With the cold weather keeping us indoors on the boat with no Internet to entertain us, I’ve had a lot of spare time to just think. Sometimes, we get so caught up in the immediacy of our lives and our goals, that we lose sight of our priorities. We forget why we work for the things we do, what’s important to us, because everyday life gets in the way and we go into autopilot mode. We go, go, and go, working for the future, without a thought to what makes us happy in the present moment. This is something we have all been guilty of. We have been caught up with boat project after boat project the past couple of years, and I find that we sometimes lose sight of why we got into this in the first place; and that is to love each other and to love our lives. Though I’ve written many-a-whiney blog post about the situation we’ve had to endure, in all honesty, I am very grateful for the experience. Like a sailor many days at sea truly values the warmth of a dry bed, I have learned to appreciate the things I have overlooked in my life. I really believe in the notion that we don’t truly know what we have until it’s gone. Sounds tragic, but it’s really not, it’s simply life. It only remains tragic if you never recognize it and take the time to be happy for the things you do have when you have them. Without hunger, one cannot fully appreciate satiation. Without loneliness, one does not value companionship. Without darkness, one cannot understand the luminosity of light. Funny how it works that way.

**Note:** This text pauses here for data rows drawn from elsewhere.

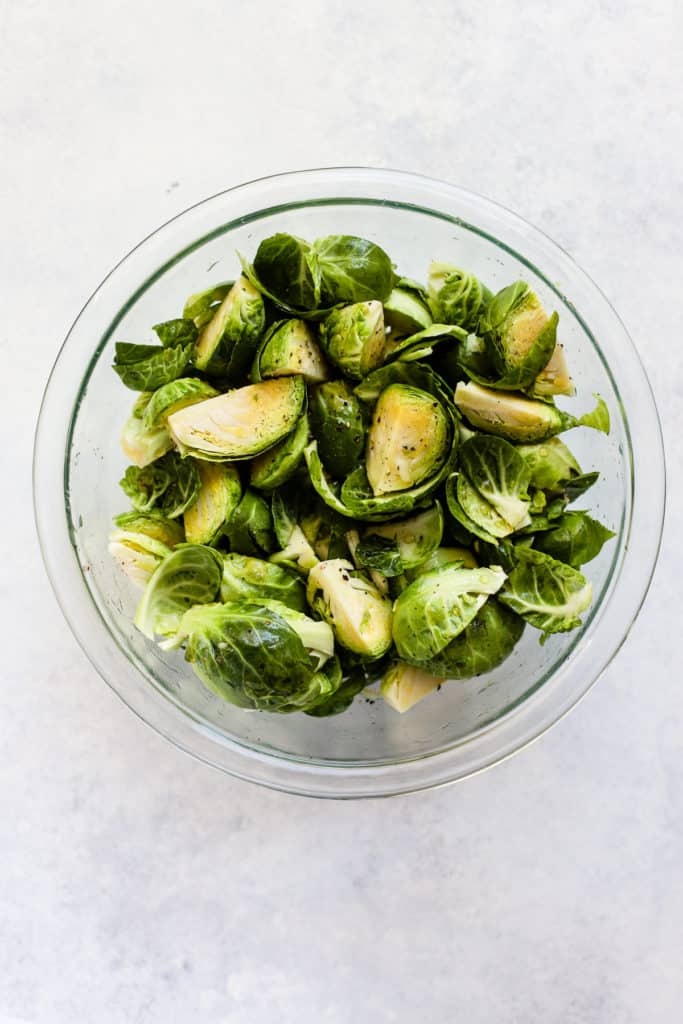Quartered Brussels sprouts tossed in olive oil, maple syrup, salt, and pepper in clear glass bowl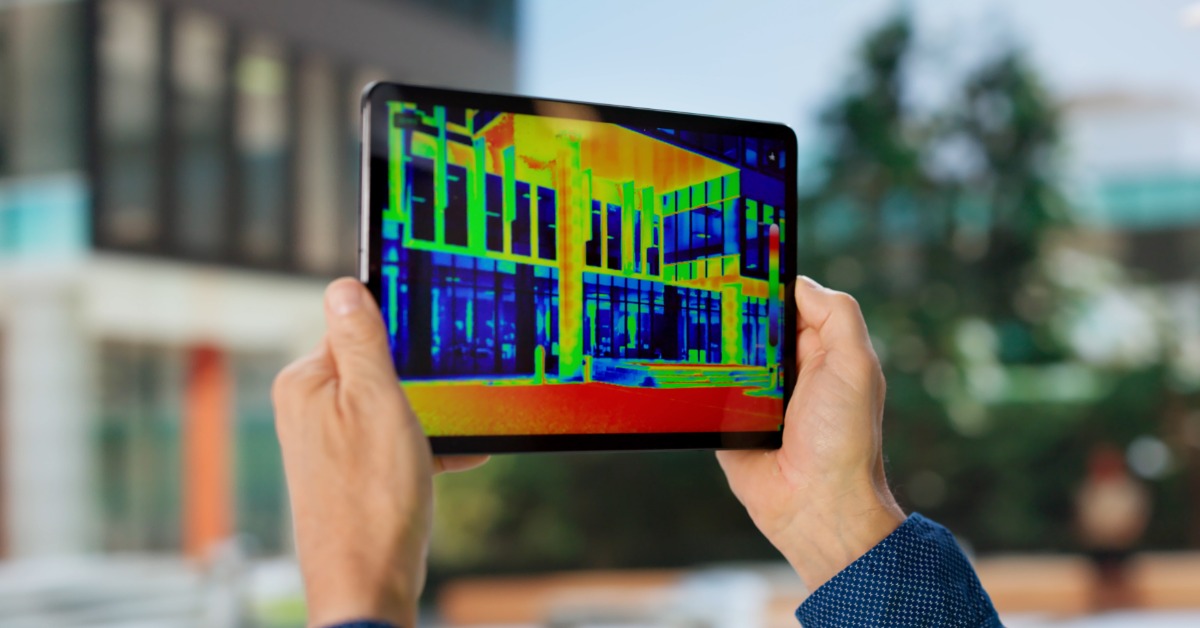 A technician uses a tablet to view a thermal infrared imaging scan of a commercial building exterior.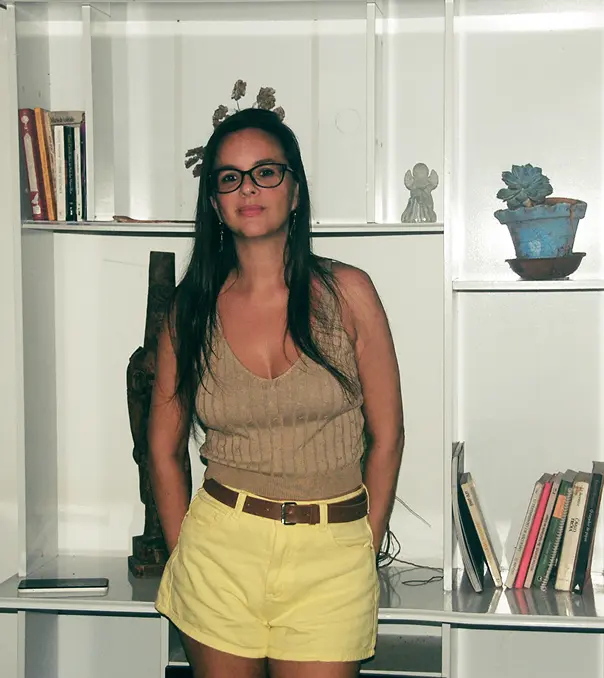 imagem de Nina Goes apioada numa estante de livros
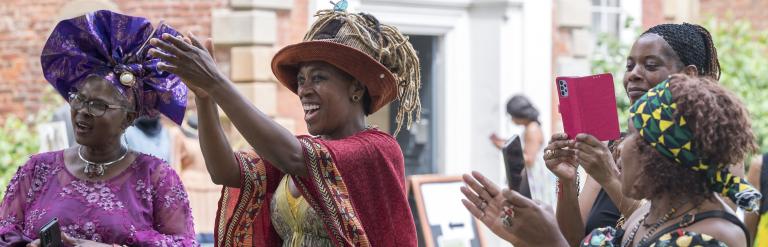 people smiling and clapping at a windrush day celebration at bruce castle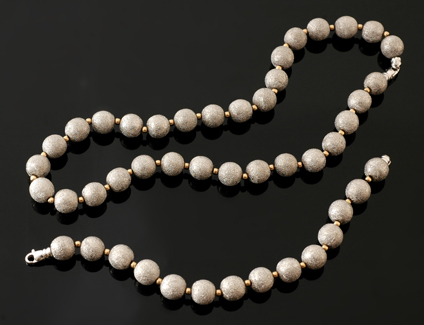 Appraisal: A white gold bead necklace and bracelet The necklace comprising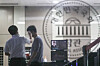 Officials from the National Assembly building management office check a visitor’s temperature at the entrance to the main building of the National Assembly in Yeouido, western Seoul, on Sunday. The National Assembly reopened on Sunday after being shut down for three days for disinfection after a photojournalist who covered the ruling party's leadership meeting on Wednesday tested positive. The National Assembly will open the regular session on Sept. 1. [NEWS1]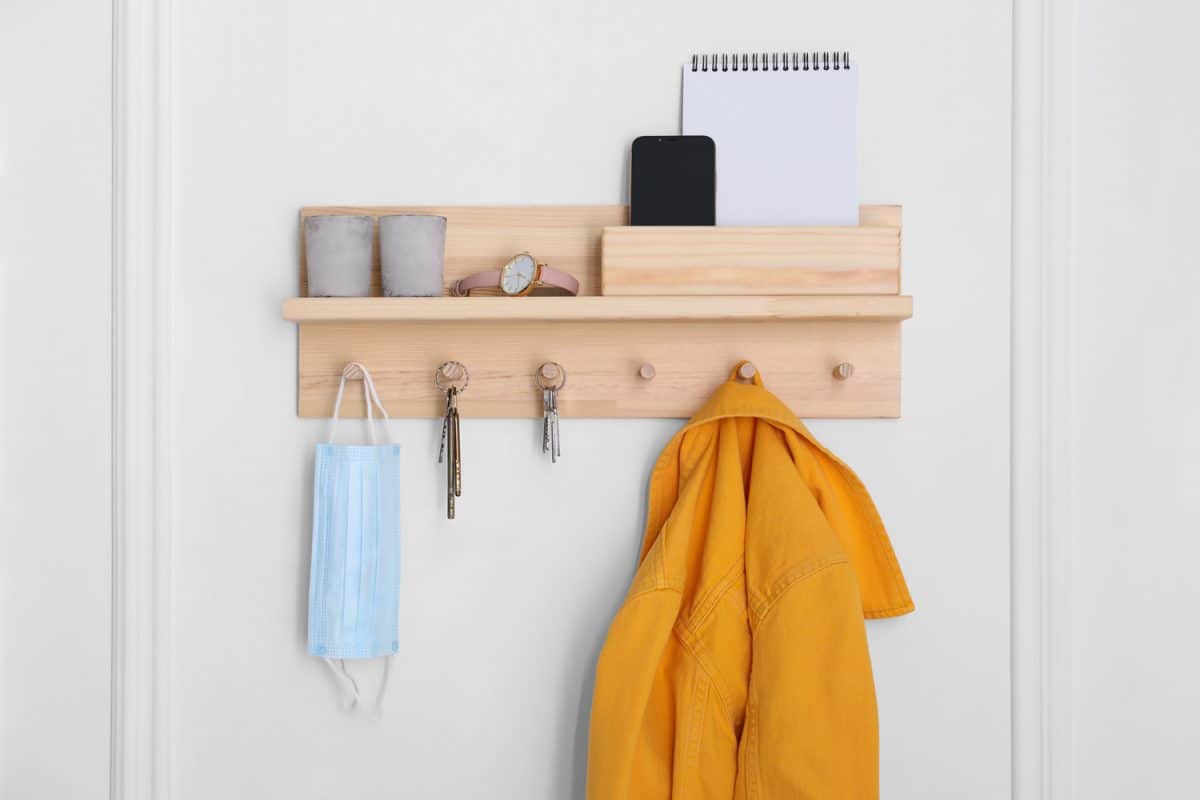 Wooden hanger for keys with different stuff on white wall
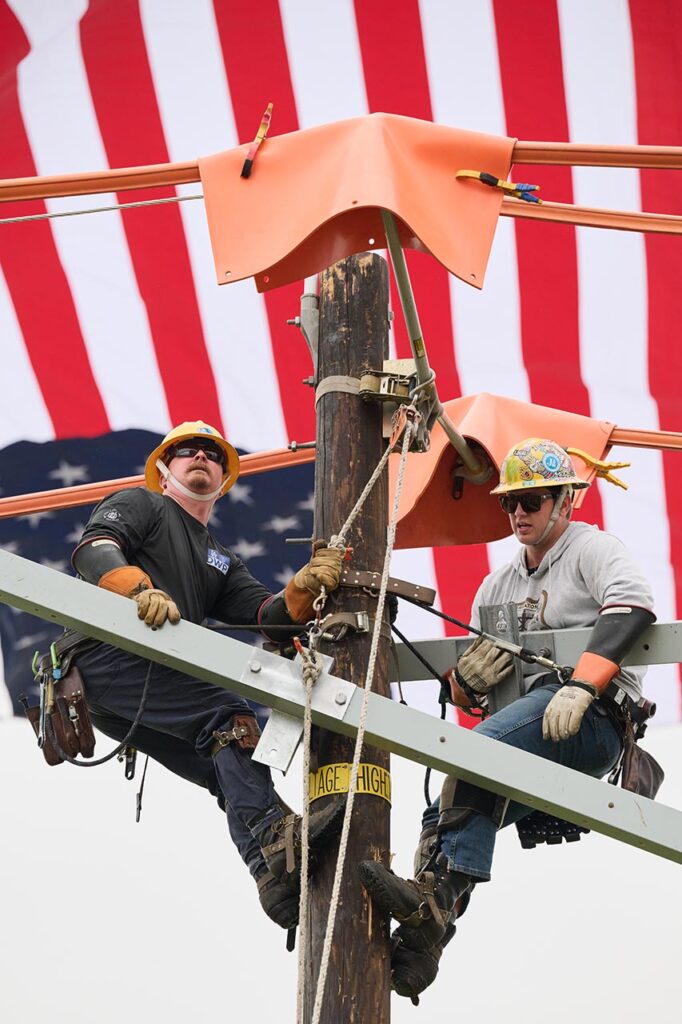 Two linemen atop an electrical power pole raise a cross arm via a pulley as they compete in the 2025 Lineman's Rodeo. Their backdrop is a large American flag.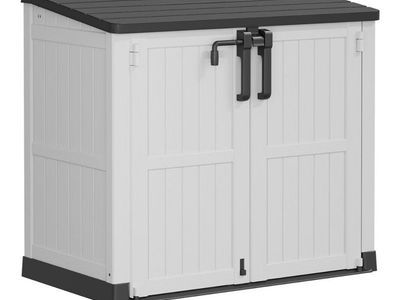 BRAND NEW OUTDOOR RESIN STORAGE SHED IN BOX 51” x 29”.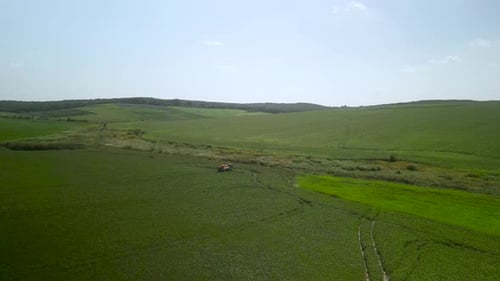 Spray Fertilize On Field With Chemicals In Agriculture Field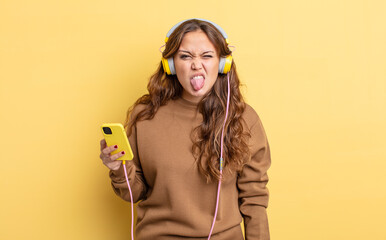 Wall Mural - hispanic pretty woman feeling disgusted and irritated and tongue out. headphones and smartphone concept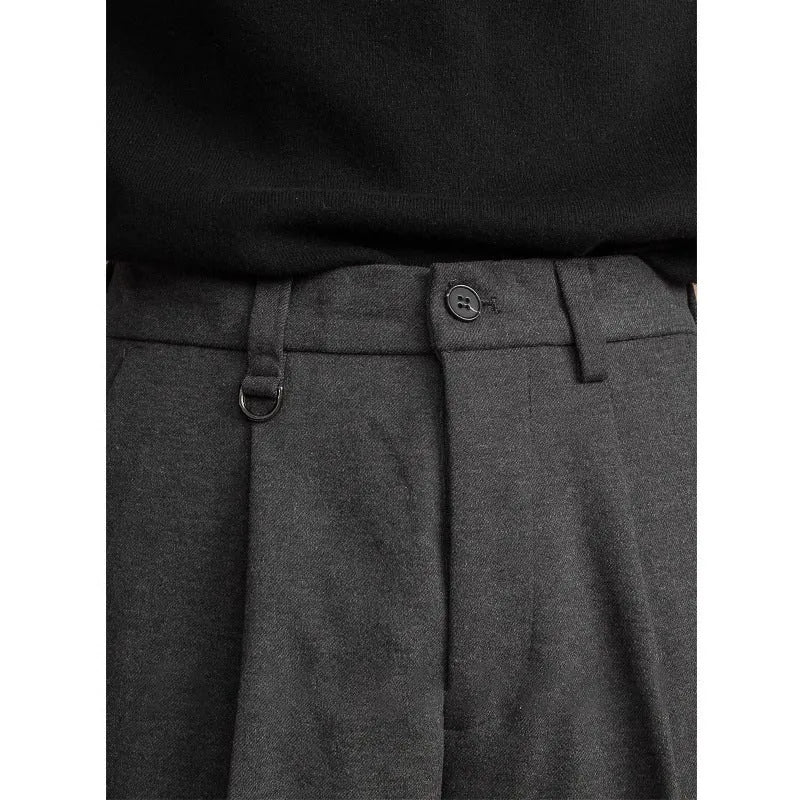 Men's straight-leg casual trousers in black with a draped design detail on the leg.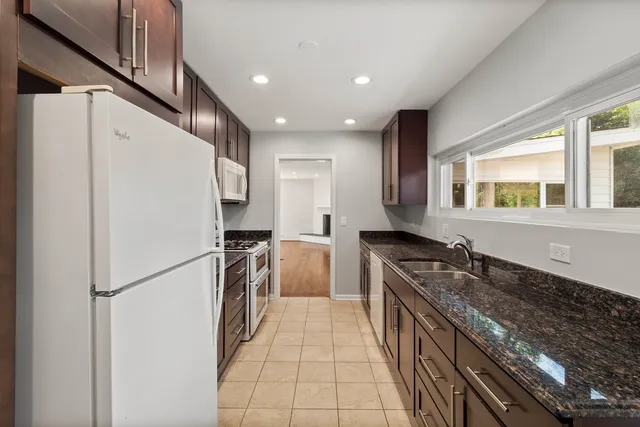 a kitchen with granite countertop a refrigerator stove and sink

I miss the people I love. Simply having someone to laugh with, to have lunch with, or seeing a familiar face would be something I’d give my first born for. These things I never thought I would miss to the extent that I do. To have someone care for you and your well being, and not judge you if you fall, but hold your hand and pick you up. Thinking of this makes my heart swell with sadness and longing, but again, this is a part of life. Believe it or not, I chose this lifestyle knowing that living on a boat would do this to me. I knew it would open my eyes, make me not take a moment more in my life for granted.
I remember the day that I had this epiphany, the day that cemented that living on a boat was something I wanted, something I needed to do to shape myself. We had been out at sea for a couple days, between Bermuda and NY, only snacking on fruit, nuts, and cold cuts. The weather was rough and I remember someone made Lentil soup. I remember how grateful I was for the warmth of that soup, how every bite tasted better than anything I had ever consumed before, how I savored every moment of that soup-eating experience. In those moments, it dawned on me that I wanted to forever feel that way about life, about the ones I loved, about food, about the warmth of a hug, about the smell of a flower, about all the things that I had never given a second thought to. I realized that the vibrancy of these seemingly mundane things would be paled if I went on the way I did, living comfortably, just letting life smoothly pass by. I knew in those moments that I needed to live and suffer so that I could enrich my life, not with all the things that I wanted for myself in the future, but with the things that I already have.